On 9 December, workers at eleven sites across the country shut down production with huge numbers taking part in the picket lines.
At the Croespenmaen Pot Noodle factory in Wales, all bar one shop floor worker were present at the picket lines, with large vibrant pickets taking place elsewhere in the country.
But instead of taking the demands of workers seriously, the company contemptuously scrapped Christmas parties, gifts and bonuses.
To rub salt into the wound, chief executive officer Paul Polman has awarded himself £1 million in company shares. This shows just how seriously the company really takes its ethical principles.
Quite rightly, the response to this is further action to show that this contemptuous attitude towards the workforce cannot be tolerated.

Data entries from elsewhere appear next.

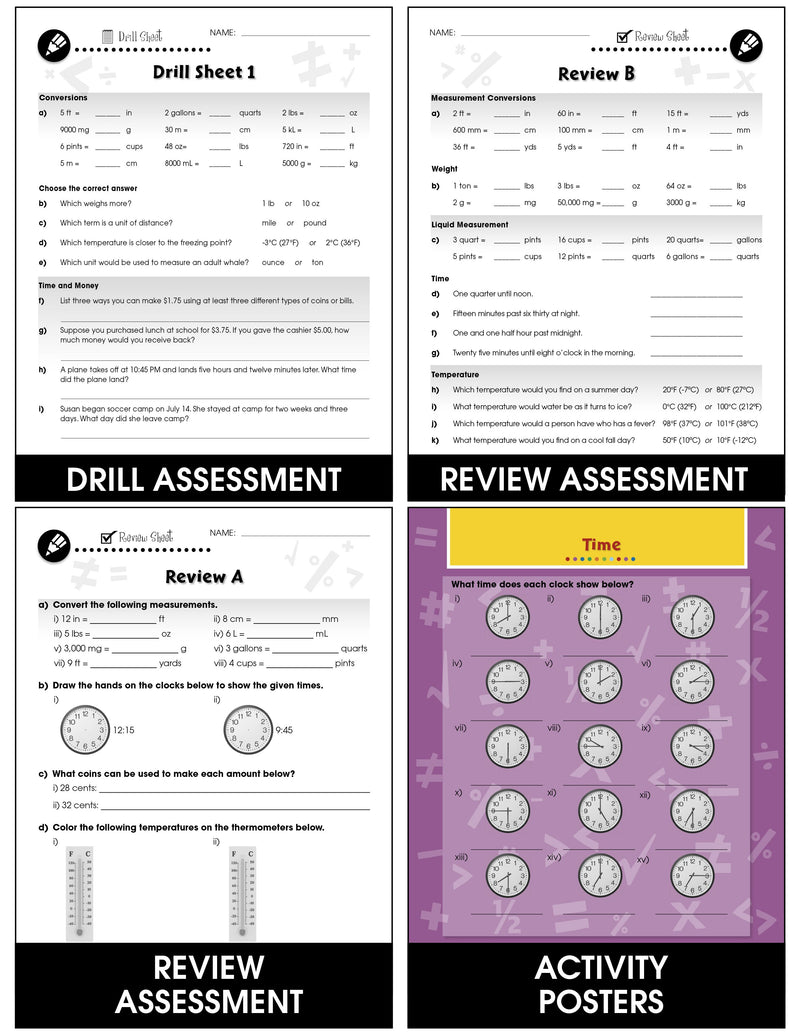 Measurement - Grades 3-5 - Task & Drill Sheets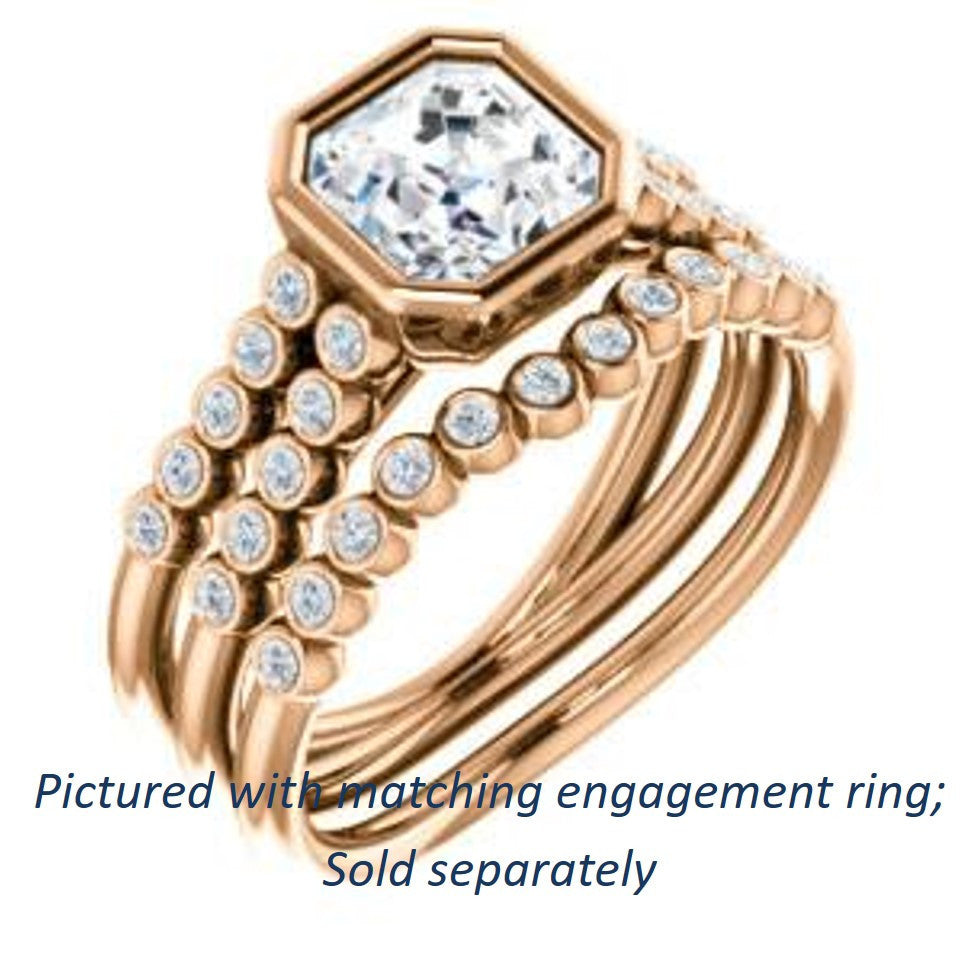 Cubic Zirconia Engagement Ring- The Rafaella (Customizable Bezel-set Asscher Cut Design with Round Bezel Accented Split Band)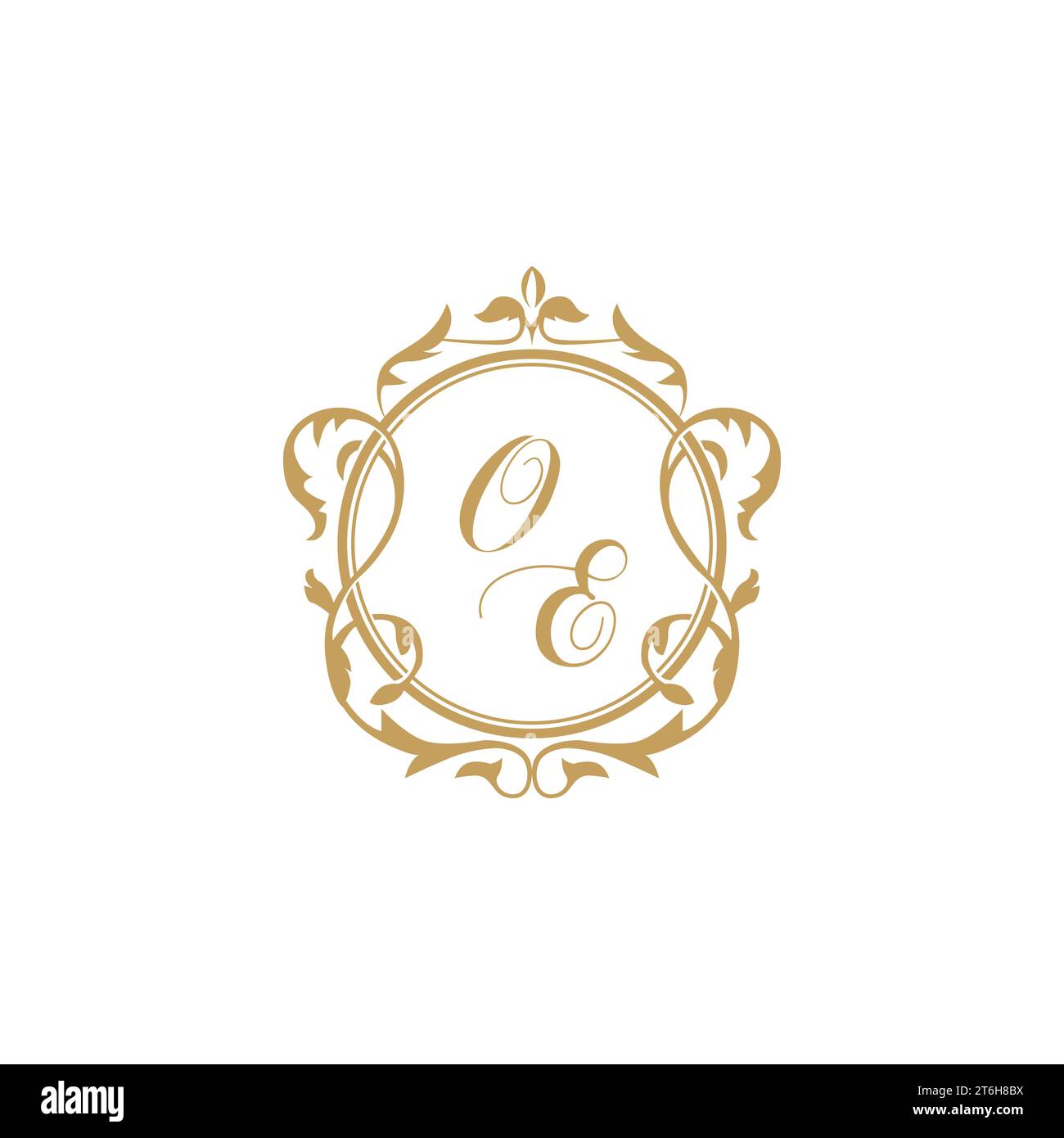OE Wedding initial invitation with elegant ornament circle element vector graphic template Stock Vector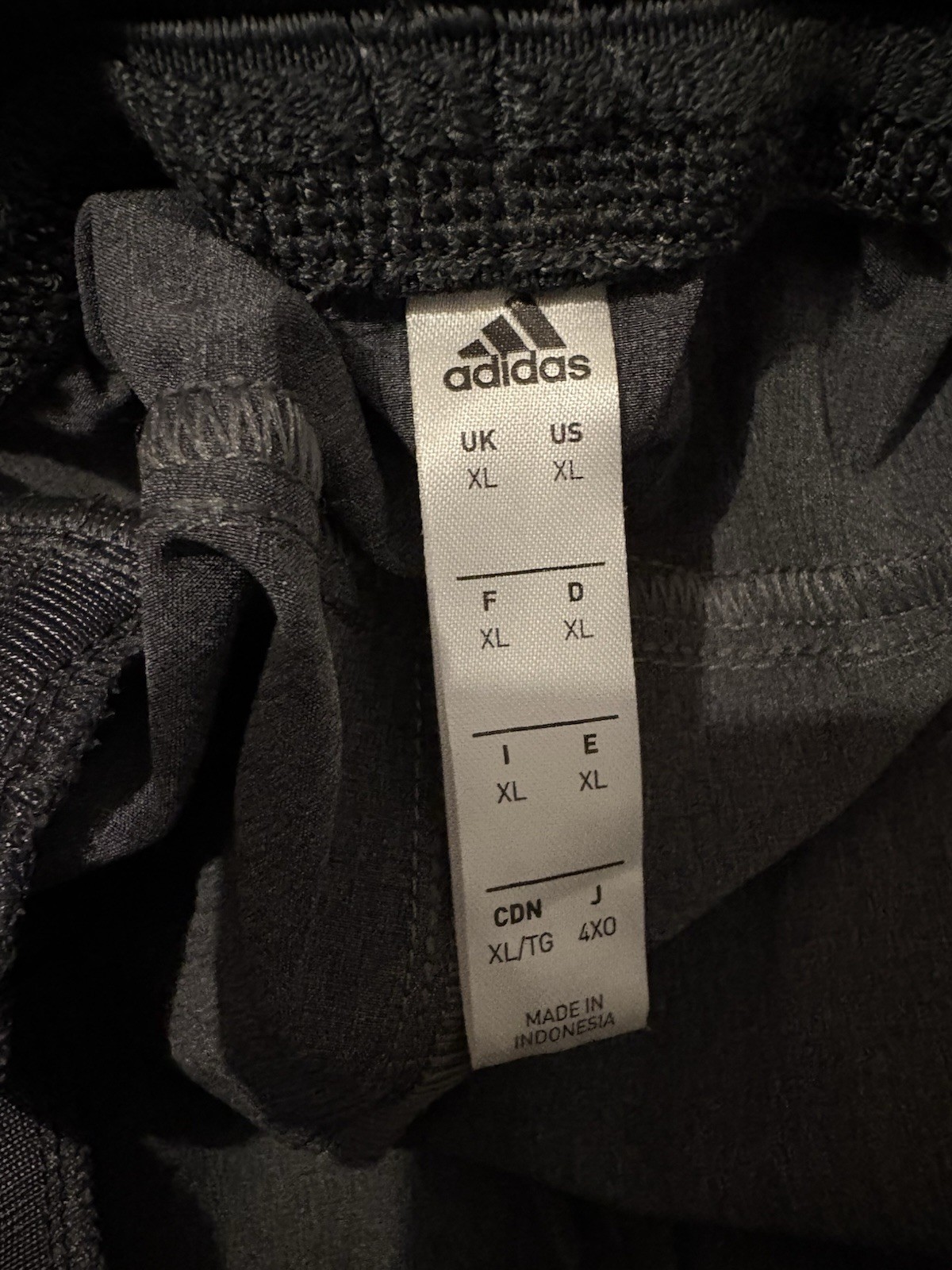 adidas Men’s Jogger Pants Gray Solid Polyester Drawstring XL 38W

After the demonstration outside the company's headquarters on 9 January, Unite, Usdaw and GMB unions have called rolling action from 17 January, which will again involve 2,500 workers at sites in Purfleet, Port Sunlight, Warrington, Leeds, Crumlin, Gloucester, Manchester, Burton-on-Trent and Ewloe in Wales.
So far the company has refused to meet the unions or to go to the conciliation service Acas. Yet the company can easily plug any gap that may potentially exist in pension funds.
The beginning of 2011 saw the company declare a whopping £5.2 billion in pre-tax profits.
Like workers in the public sector, changes made in the recent past such as closing the scheme to new entrants in 2008, were supposed to ensure the scheme's long-term future.
Yet only a few years later the Unilever tops are coming back for more, determined to make ordinary workers suffer in the interest of the wealthy 1%.
Future action should be coordinated alongside those public sector workers still fighting to defend their pensions, including other members of Unite in health and local government.
Unilever workers should address meetings of public trade unions and vice versa. The message of the unions must be clear: all workers deserve a decent pension, not the misery of pensioner poverty.